**Problem requirements**: Exactly the lines from the first line of the listing through the line containing "Lottie Shore holding" should appear in the output, unchanged.

━━━━━ Information supplied

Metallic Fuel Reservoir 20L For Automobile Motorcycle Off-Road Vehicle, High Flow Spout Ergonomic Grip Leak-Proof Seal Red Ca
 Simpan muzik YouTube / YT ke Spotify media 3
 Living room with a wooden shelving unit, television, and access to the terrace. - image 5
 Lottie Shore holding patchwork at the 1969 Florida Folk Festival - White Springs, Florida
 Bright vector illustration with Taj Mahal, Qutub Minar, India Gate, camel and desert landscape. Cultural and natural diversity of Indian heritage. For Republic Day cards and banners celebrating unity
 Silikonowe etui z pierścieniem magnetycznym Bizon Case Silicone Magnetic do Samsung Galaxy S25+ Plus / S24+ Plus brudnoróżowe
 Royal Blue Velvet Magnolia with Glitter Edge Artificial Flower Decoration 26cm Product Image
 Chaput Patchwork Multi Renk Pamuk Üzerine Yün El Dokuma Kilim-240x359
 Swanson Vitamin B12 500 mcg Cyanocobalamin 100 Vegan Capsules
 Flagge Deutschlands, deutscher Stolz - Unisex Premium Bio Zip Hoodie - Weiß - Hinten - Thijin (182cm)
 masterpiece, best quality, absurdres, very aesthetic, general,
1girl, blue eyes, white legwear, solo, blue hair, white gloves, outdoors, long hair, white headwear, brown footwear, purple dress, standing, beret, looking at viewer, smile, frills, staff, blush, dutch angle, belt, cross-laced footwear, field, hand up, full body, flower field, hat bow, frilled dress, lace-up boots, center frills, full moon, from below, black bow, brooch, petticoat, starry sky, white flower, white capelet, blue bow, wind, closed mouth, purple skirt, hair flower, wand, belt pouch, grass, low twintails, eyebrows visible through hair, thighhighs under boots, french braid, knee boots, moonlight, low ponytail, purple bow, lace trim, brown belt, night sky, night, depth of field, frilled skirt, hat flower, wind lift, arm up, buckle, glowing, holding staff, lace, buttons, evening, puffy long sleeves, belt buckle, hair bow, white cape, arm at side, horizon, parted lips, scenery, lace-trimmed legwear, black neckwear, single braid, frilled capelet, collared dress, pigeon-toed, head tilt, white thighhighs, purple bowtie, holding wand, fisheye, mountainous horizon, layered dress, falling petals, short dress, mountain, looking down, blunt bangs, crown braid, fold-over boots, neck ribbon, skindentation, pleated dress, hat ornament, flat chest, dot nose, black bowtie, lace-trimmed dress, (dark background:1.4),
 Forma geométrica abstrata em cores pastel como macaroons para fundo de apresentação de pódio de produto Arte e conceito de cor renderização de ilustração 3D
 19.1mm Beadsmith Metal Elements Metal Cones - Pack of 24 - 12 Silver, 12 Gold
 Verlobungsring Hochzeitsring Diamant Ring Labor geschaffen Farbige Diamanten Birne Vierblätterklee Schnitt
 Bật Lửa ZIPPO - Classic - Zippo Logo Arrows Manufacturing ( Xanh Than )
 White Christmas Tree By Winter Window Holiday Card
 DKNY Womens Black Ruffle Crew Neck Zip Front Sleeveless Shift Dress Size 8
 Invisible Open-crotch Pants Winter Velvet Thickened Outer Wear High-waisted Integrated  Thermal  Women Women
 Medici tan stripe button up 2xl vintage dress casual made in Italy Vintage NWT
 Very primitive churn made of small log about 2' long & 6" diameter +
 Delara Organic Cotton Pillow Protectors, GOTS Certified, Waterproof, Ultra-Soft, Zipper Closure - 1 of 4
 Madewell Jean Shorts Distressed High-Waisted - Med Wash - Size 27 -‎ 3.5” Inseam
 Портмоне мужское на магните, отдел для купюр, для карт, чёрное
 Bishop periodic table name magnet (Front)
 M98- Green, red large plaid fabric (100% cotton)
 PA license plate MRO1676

━━━━━━━━━━

**Response**:
Metallic Fuel Reservoir 20L For Automobile Motorcycle Off-Road Vehicle, High Flow Spout Ergonomic Grip Leak-Proof Seal Red Ca
 Simpan muzik YouTube / YT ke Spotify media 3
 Living room with a wooden shelving unit, television, and access to the terrace. - image 5
 Lottie Shore holding patchwork at the 1969 Florida Folk Festival - White Springs, Florida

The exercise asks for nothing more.